GIVEN DATA -
────────

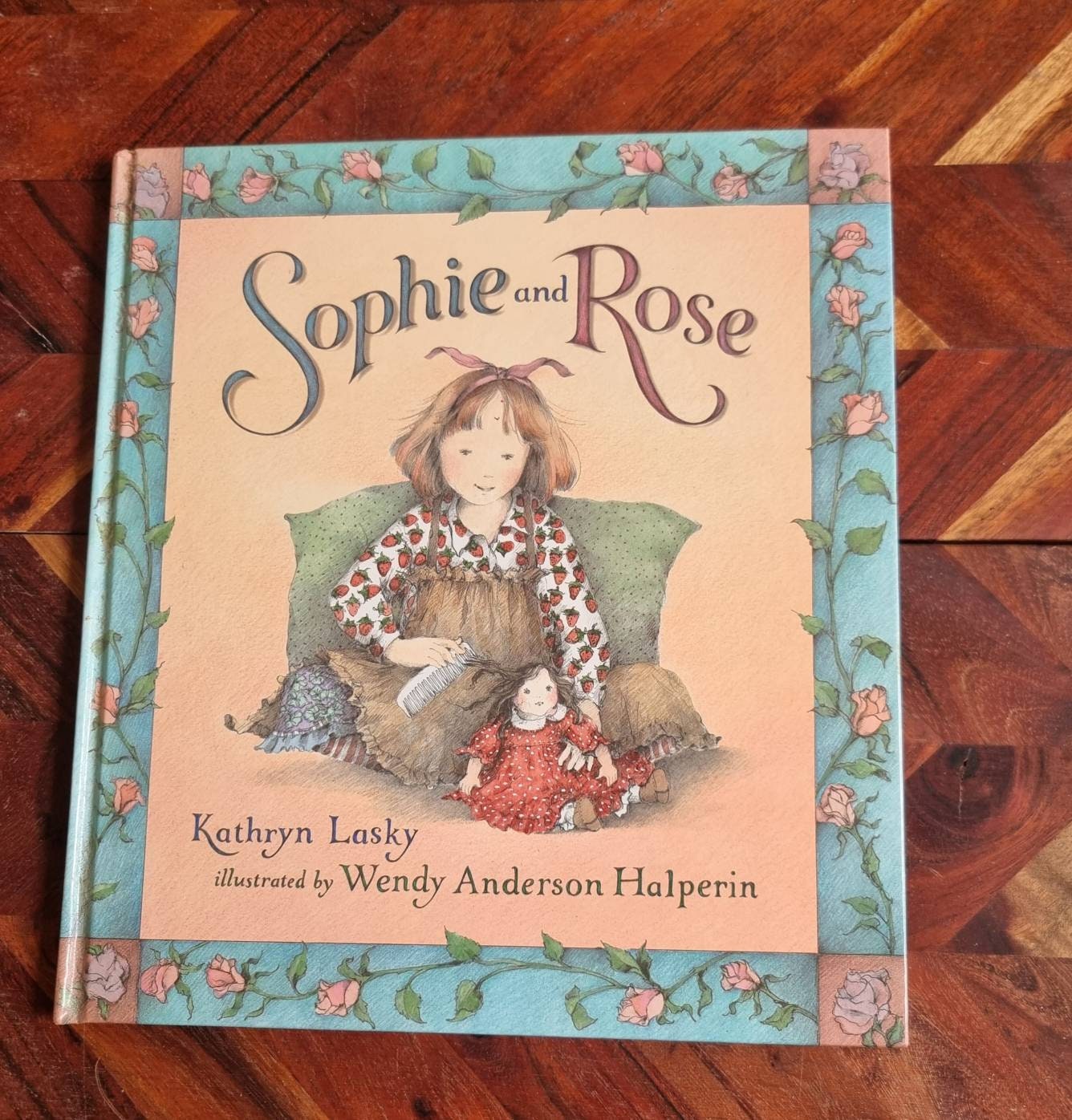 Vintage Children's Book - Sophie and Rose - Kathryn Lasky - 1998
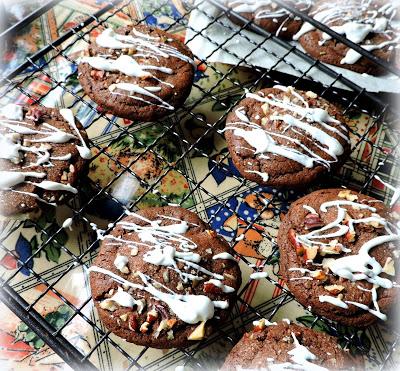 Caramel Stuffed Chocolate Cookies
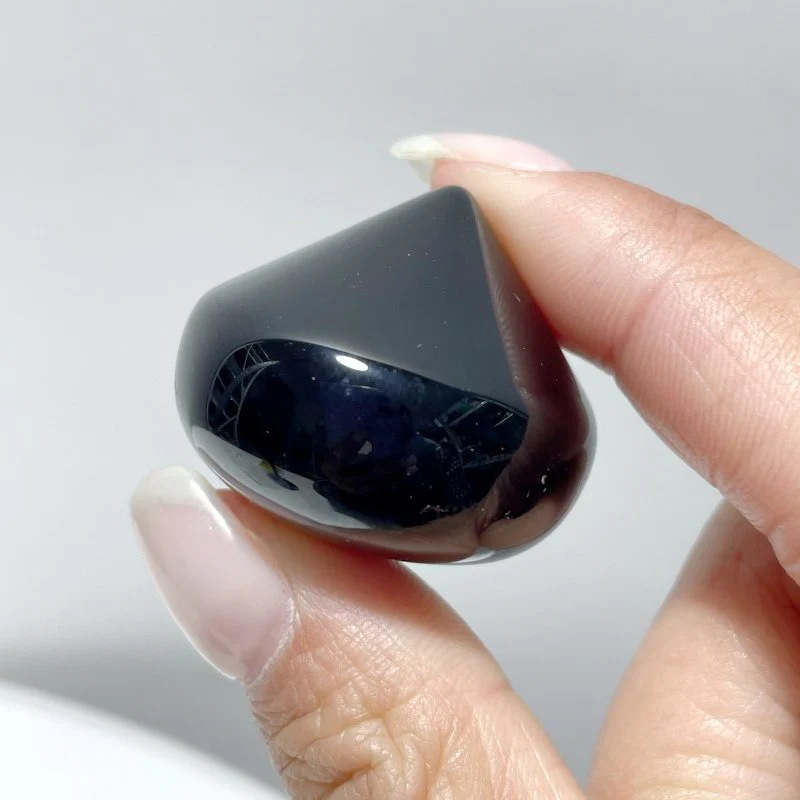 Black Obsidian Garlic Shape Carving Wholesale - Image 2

────────

BRIEF - I would like the material above returned exactly as it stands, without its pictures.

RESPONSE -
 Vintage Children's Book - Sophie and Rose - Kathryn Lasky - 1998
 Caramel Stuffed Chocolate Cookies
 Black Obsidian Garlic Shape Carving Wholesale - Image 2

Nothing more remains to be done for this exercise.